After the last calve toddled after its mother, the bull turned and followed them. I thought, What a stud! He’d protected them and hadn’t made mincemeat out of us. I was impressed—and grateful that he hadn’t charged.
I thought about those elk encounters when I read a Reuters piece this week headlined “California Drought Causes Cattle and Elk to Lock Horns Over Pasture.” The showdown is taking place in the Pt. Reyes National Seashore about thirty-five miles northwest of San Francisco. I’ve been there. It’s gorgeous.
The Pt. Reyes park is one of the few in the States that permit their domain to be used, in part, for private agricultural interests. In this case, that means cattle grazing.
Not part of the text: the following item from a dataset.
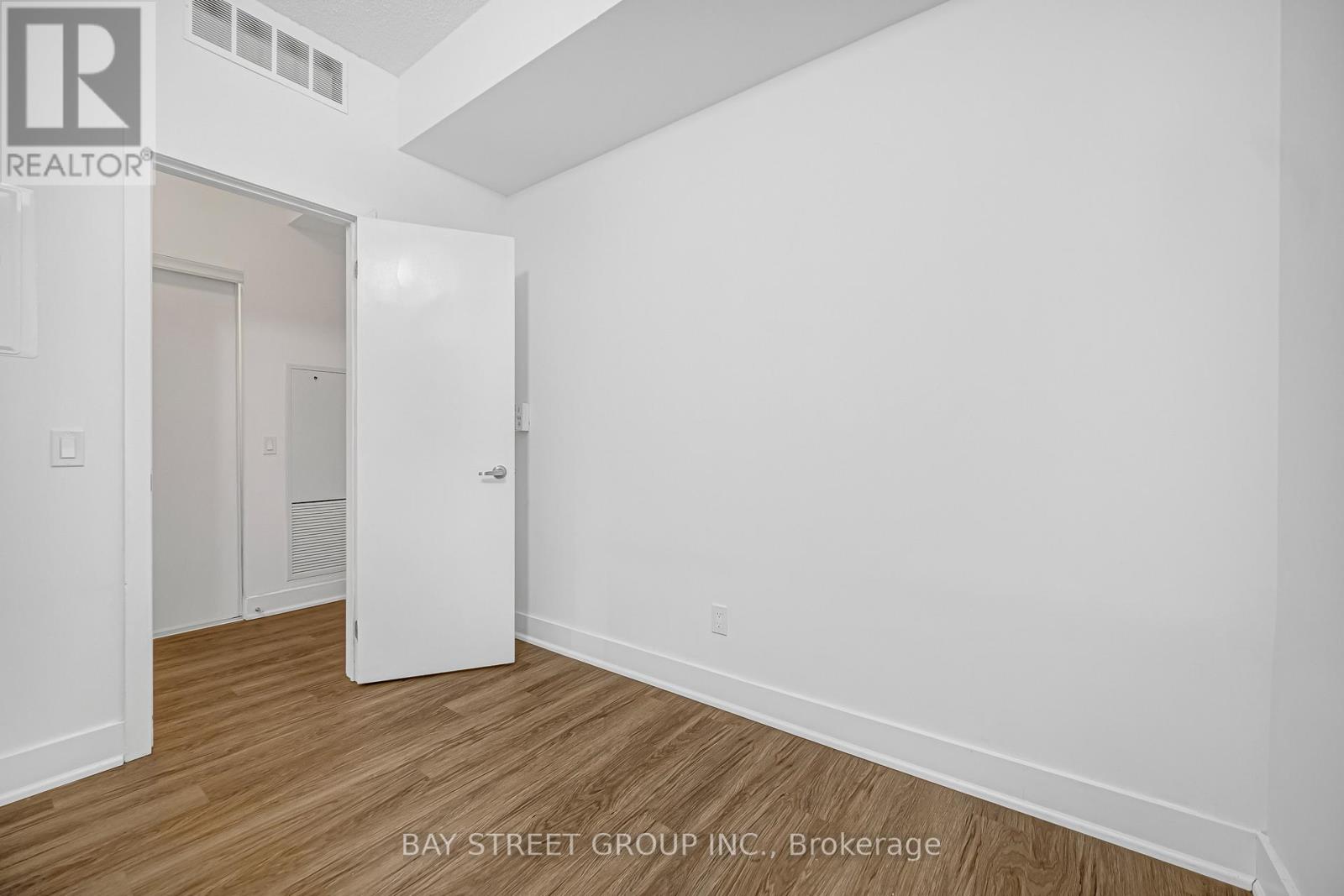 203 - 128 Fairview Mall Drive, Toronto, Ontario M2J 0E8 - Photo 26 - C12518190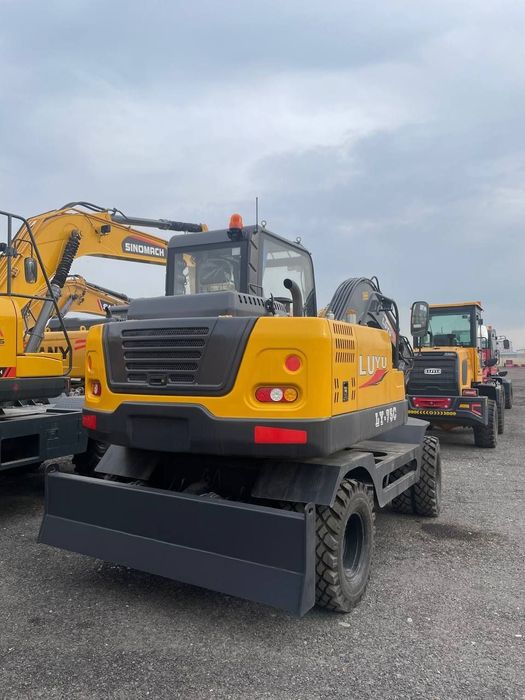 Экскаватор 0.3куб Автомат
But the drought in California has greatly reduced the available grasslands, so ranchers want the tule elk fenced-in so their herds can have more access to the decreasing amount of pasture.
Wildlife advocates, as you might imagine, are not too keen on this. They point out that almost half the 540 elk in a 2,600 acre fenced-in part of the park died last year because the drought dried up old stock ponds. Fenced-in, the elk could not search out streams or settled water elsewhere. I need not remind anyone, I’m sure, that dying of thirst, whether you’re a biped or quadruped, is a grim affair.
The ranchers—some families date their settlement in the region back to the 1800s—call the elk “invasive species.” Which is true. The tule elk were introduced to the area in the 1970s. And I should note that the elk and cattle got along fine until the drought started burning the life out of the grass.
Now the Park Service is trying to figure out how to accommodate 6,000 cattle from twenty-four ranching operations and the relatively paltry number of elk still surviving in the park’s increasingly stark conditions. You could read a lot of meaning into this conflict. It wouldn’t be difficult. But the takeaway for me is that watching it unfold is like viewing a much more widely regarded product of the California imagination: the movie trailer. The conflict today is between elk and cows. It echoes the growing competition for water between agricultural interests and city dwellers. I can’t see how any of these zero-sum outcomes will prove satisfying.
They might not even prove survivable.